And so you see, people who voted for this, people who influenced this, people who had the materialism lust to bring more into the system and keep making more money and more money and more money and more money, whether it had backing or not, bring it all into the system, well now look what’s happened.  Who suffers?  Their children, and God holds their responsible for it; you can see it throughout history, throughout the Bible, that children in this sense bear the results of the wrongs of their parents.  The children, the young men who have fought and died in Vietnam, are the victims of policies of this country since World War II.  If we had contained the communists we would have the thirty or forty thousand young men who have lost their lives in Vietnam.  Why?  Because these men have gone on a chopping block, a meat machine as Chiang Kai-shek called it because the policies were not straightened out, and policies that were set in motions generations ago are still influencing us.  These are illustrations of this.

 

But I think the greatest thing is this, spiritually as Christians.  What we do in our generation over the issue of evangelization, what we do in our generation will set in motion forces that will reflect in our children’s life.  You can go back in American history to the times of the Puritans to see this.  The Puritans were a fantastic group of people; they are maligned in history books, they are discredited because of certain idiosyncrasies, because of misinformation and so on.  However a lot of this, like the Salem witch trials, if you have some professor that’s talking about the Salem witch trials refer him to Chadwick Hansen’s book, Witchcraft at Salem; that concept has been modified quite a bit.  But the Puritans were people who invested in the future, and contrary to what you may have learned the Puritans had one of the finest systems of voting.  Do you realize that in the early days of America you could not vote until you had a certain amount of Bible doctrine?  Now the way this is interpreted in history books is this is religious bigotry.  It wasn’t religious bigotry, they realized that you had to have a common base and a certain set of standards and you just didn’t get your right to vote until you adhered to Biblical standards.  And so they set in motion such a powerful influence in this country we are still feeling the effects of it; a fantastic group of people. 

 

Now what happened?  They were people who developed the divine viewpoint framework; the idea that God is at the center; Bible doctrine around God, we know God through Bible doctrine and all into the areas of life, science, history, philosophy, art, music, literature and all these fields, relationship with believers, loved ones, friends, society, job, sex, possessions and health, all these details of life, Bible doctrine flowing out and establishing a Biblical understanding in every area.  Now this was what the Puritans excelled at, they considered this holy war, that they would conquer the world by their divine viewpoint framework and they very nearly did because their influence has been lasting and very effective in this country. We, as parents, invest and can determine our responsibility for our children by developing in our generation a similar back to the Bible movement.  And it doesn’t mean just quiet times, it means that but it means more than that; it means taking the Word of God so seriously that it becomes the criteria of judgment in every field, physics, history, art, music, every endeavor that you could possibly think, labor management relationships from Ephesians 6 and so on, every imaginable area of life is brought into submission to the Word of God.  Now if we did that and started working at that in our generation we could, even though we may have disaster as an immediate result we would have in the long term something fantastic invested for the coming generations.  But that’s how history works and these are ways in which we can maintain a family.

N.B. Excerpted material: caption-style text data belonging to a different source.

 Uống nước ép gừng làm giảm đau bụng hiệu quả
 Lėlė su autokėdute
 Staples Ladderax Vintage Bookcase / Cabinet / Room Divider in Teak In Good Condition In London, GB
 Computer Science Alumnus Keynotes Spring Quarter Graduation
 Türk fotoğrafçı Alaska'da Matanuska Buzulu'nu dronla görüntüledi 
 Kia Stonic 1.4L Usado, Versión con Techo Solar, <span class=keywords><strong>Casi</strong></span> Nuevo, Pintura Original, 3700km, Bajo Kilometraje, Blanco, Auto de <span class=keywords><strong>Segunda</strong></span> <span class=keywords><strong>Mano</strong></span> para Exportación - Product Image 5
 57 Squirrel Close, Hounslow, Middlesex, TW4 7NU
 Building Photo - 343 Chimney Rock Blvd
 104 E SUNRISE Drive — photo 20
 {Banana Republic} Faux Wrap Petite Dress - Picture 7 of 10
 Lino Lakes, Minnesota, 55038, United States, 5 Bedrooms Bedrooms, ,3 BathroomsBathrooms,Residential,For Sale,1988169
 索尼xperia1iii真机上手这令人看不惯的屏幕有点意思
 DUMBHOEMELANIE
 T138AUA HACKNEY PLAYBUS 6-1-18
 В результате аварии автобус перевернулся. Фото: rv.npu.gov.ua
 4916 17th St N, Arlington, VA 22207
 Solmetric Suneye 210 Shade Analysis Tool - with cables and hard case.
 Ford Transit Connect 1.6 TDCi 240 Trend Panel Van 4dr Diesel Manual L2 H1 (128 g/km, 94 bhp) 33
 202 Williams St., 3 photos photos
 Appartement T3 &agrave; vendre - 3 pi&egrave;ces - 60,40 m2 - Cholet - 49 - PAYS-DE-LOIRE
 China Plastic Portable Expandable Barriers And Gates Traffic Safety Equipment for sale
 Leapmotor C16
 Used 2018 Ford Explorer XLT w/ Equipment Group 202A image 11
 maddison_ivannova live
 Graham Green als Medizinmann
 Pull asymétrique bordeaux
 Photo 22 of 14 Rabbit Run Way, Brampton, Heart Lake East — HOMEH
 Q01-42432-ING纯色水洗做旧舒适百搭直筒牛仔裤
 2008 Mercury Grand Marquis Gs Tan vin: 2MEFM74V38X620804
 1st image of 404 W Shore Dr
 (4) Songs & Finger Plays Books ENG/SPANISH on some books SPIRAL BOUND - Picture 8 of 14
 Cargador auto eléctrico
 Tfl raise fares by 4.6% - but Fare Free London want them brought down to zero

I would like to close by turning to the Old Testament to have a brief illustration of how this worked out historically in one very famous family—David; David, Solomon, and Rehoboam, two of these men you know, the third one was an idiot and you probably don’t know too much about him.  Turn to 1 Samuel 16, in 1 Samuel 16:1 we have God picking out a king for
Israel.  This was a teenager by the name of David and the remarkable thing about David, something that his parents evidently did with him, and some things his parents didn’t do with him that had a tremendous bearing on why God picked this young man for the king of Israel. 

 

In 1 Samuel 16:1 and following God sends Samuel to pick out David. This is the chapter where God makes the famous statement later on about the Lord looks not on the outward appearance and so on.  The idea is that Samuel is to go to this man Jesse, Jesse is the man’s name, and he has a lot of sons; some of these sons are strong guys, really sharp looking fellows, and Samuel goes down through and God says no, that’s not the one; and he goes to the next one and God says no, that’s not the one, and so finally we come down to 1 Samuel 16:7, “But the LORD said unto Samuel, I don’t want you to look on the countenance, or on the height of his stature, because I have reused him; for the LORD sees not as man sees; for man looks on the outward appearance, but the LORD looks on the heart.”  And so they go through the sons and so on, and then in verse 11 Samuel is a little puzzled, he says now just a minute here, I came to this Jesse and God said I was led here, and I go through this man sons and I get a negative; every time I hit one of these sons I get a negative, God doesn’t want him, God doesn’t want him, God doesn’t want him, God doesn’t want him.

 

So finally in verse 11 he says, Say, you got some other sons around, I’ve run out, and I’ve drawn a red card on all these things, there must be some son around, where you hiding him?  So in verse 11, “There remains yet there one young man,” this is Jessie, “and he keeps the sheep,” and the implication is, and you get this as you study David’s life, is that he was not considered very much by either his brothers or his parents.  David was almost kind of the black sheep of the family, he was a kid, a little brat evidently, his brothers looked upon him as a little brat by certain remarks they make in the 17th chapter.  Now this is significant; this you’re going to see David’s got an area of weakness just as a result of this and you’re going to see him transmit this area of weakness to his children.  But he starts out with a certain area of, you might say independence, a kind of bad kind of independence because David is the kind of guy that got it all on his own. 

 

He was a man who, as far as we can tell in 1 Samuel 16:18 where he’s evaluated by the employment office of Saul, they put out an evaluation of him and they make four points in their recommendation.  They say we recommend David be employed by King Saul for the following reasons: he’s cunning in playing, this means he’s skillful in playing the harp, and from what we can study in the life of David, David learned this all by himself, he was a self-taught man and he taught himself the harp, it was his hobby evidently, and he just liked to get out and get…he didn’t have the electronic things out in the field with the sheep but he had his harp and he probably took that out in the pasture and played with it a little bit; this was his hobby and he became very skillful at it.  Of course, out of this we get the book of Psalms; the musical talent of David was responsible for one of the greatest books in the Bible. 

 

The second point in the employment recommendation is that he is a mighty valiant man and a man of war.  This means that David had a second characteristic and that means that he was tough physically and mentally.  We’re going to see a little bit how he got tough in a moment.  So that’s the second thing about David; again he developed this largely independent of his family.  Now you’re going to see mistakes these men make but I’m pointing out to you that God uses us even though we have mistakes and David’s getting all of this very independently.  “…prudent in matters,” this is the word for discernment, and “he is a comely person,” this means he was a handsome man.  David is said by the adjectives in the Hebrew to probably, I’ve never met any other character in the Bible in studying the original languages that has the high quality of beauty that the Bible ascribes to him.  So David probably was a very handsome individual. We’re going to see this gets him in trouble later on.  But David is a very handsome man, he’s strong, he’s strong in mind, and he has a lot of talent.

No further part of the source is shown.